The Comprehensive Redaction Workflow

When you submit a document to Philterd Data Services for redaction, it undergoes a rigorous multi-step workflow designed for security and accuracy:

  1. Secure Upload: The document is securely transmitted and uploaded to dedicated, encrypted storage associated with your account.
  2. Automated MIME Type Detection: Our system automatically analyzes the file to determine its MIME type. This ensures that the correct processing engine (Word, PDF, or Text) is used for optimal results.
  3. Policy-Driven Identification: The engine applies your selected redaction policy. This policy contains the logic and rules used to scan the document's content and identify PII/PHI.
  4. Redacted Document Generation: Based on the identification results, a new version of the document is generated. This version has all sensitive information removed or masked according to your policy's specifications.
  5. Generation of Summary Report: For every processed document, a comprehensive Redaction Summary (in PDF format) is generated. This report provides a high-level overview of the operation, including the number of tokens analyzed and the total count of redactions performed.
  6. Audit Logging and Ledgering: If enabled in your account, the redaction events are recorded. For supported formats, entries are made in the cryptographic ledger, and a changeset is created to provide a detailed audit trail of every modification made to the document.

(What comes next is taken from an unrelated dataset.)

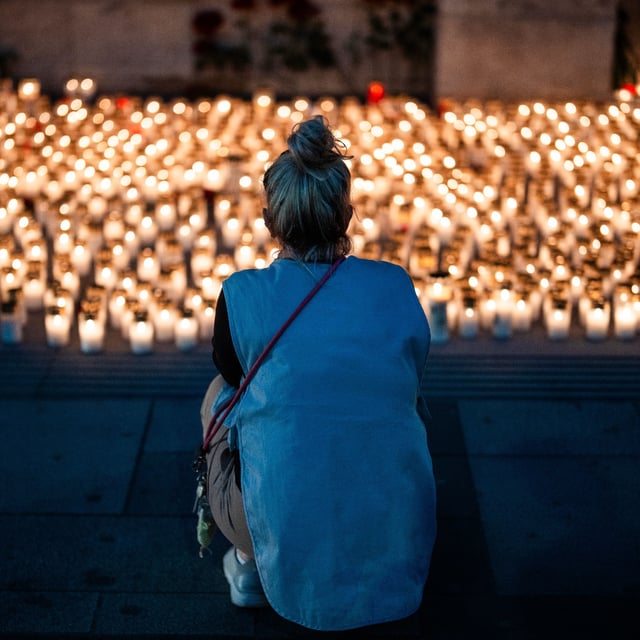 Menschen legen nach dem Amoklauf in einer Schule in Graz Kerzen vor dem Stephansdom in Wien nieder.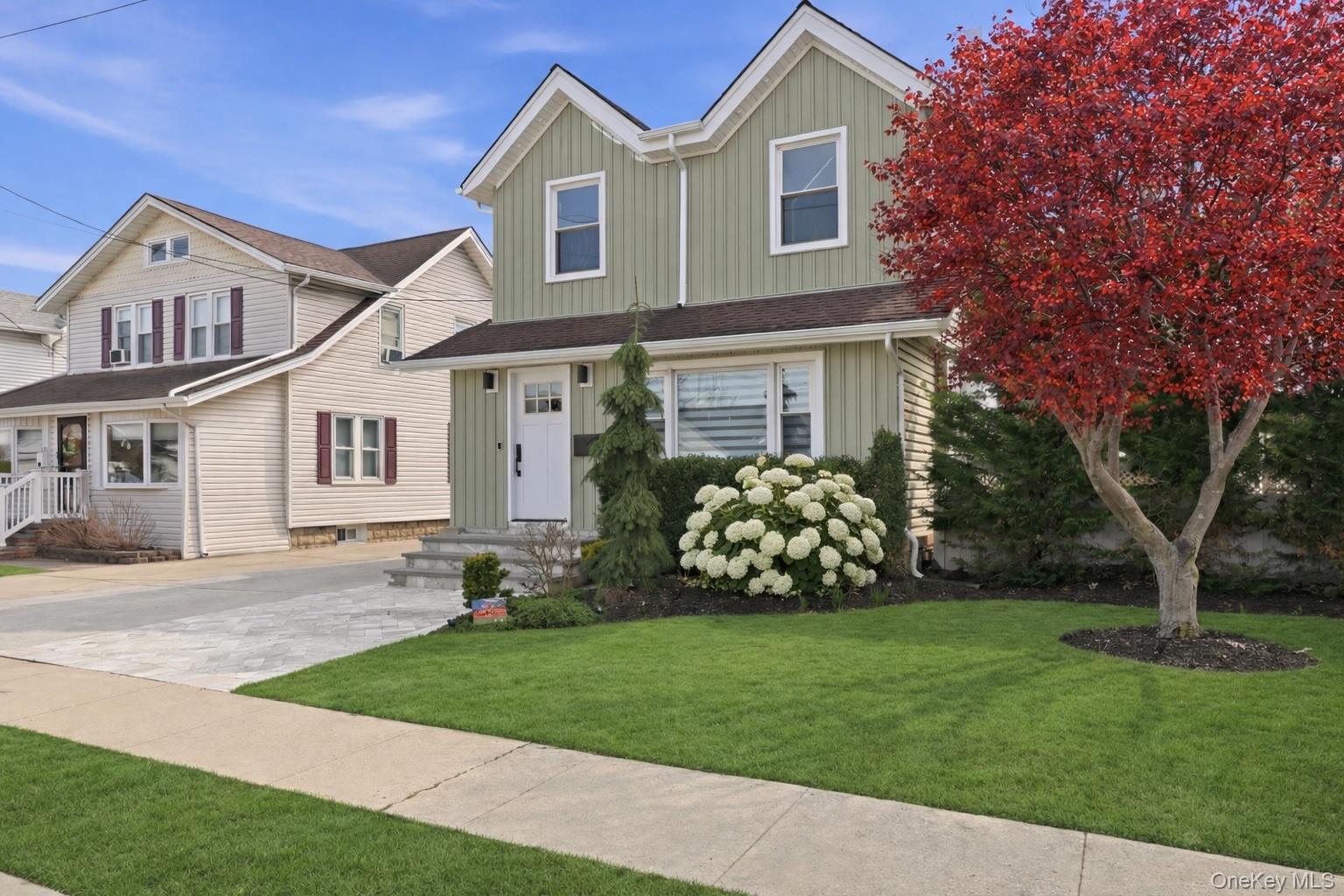 98 Vincent Place Lynbrook, NY 11563 - Photo 1 of 1 a front view of a house with a garden and yard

How to Redact a Document via the Dashboard

The Philterd Data Services dashboard provides an intuitive interface for managing your redaction tasks. To redact a document, follow these steps:

  1. Access the Documents Section: Log in to your Philterd dashboard and navigate to the Redaction menu on the sidebar, then select Documents.
  2. Initiate Upload: Click the Upload Document button located at the top of the page.
  3. Select Your File: In the upload dialog, choose the document you wish to process from your local computer.
  4. Assign a Context: Select an appropriate context from the dropdown menu. Contexts allow you to group related documents together for improved organization (e.g., by project, department, or client).
  5. Select a Redaction Policy: Choose the redaction policy that defines the rules for this specific task.
  6. Submit for Processing: Click the Submit button. Your document will now be queued for processing.
  7. Monitor Status: You can track the progress of your document in the document list. The status will transition from PENDING to PROCESSING, and finally to COMPLETED.
  8. Retrieve Your Results: Once the status is COMPLETED, several actions become available:
    • Download Redacted File: Click the Download icon to retrieve the protected version of your document.
    • View Summary Report: Click the Summary icon to download the PDF report detailing the redaction statistics.
    • Audit via Ledger: If applicable, you can view the ledger entries to see a granular log of the redactions.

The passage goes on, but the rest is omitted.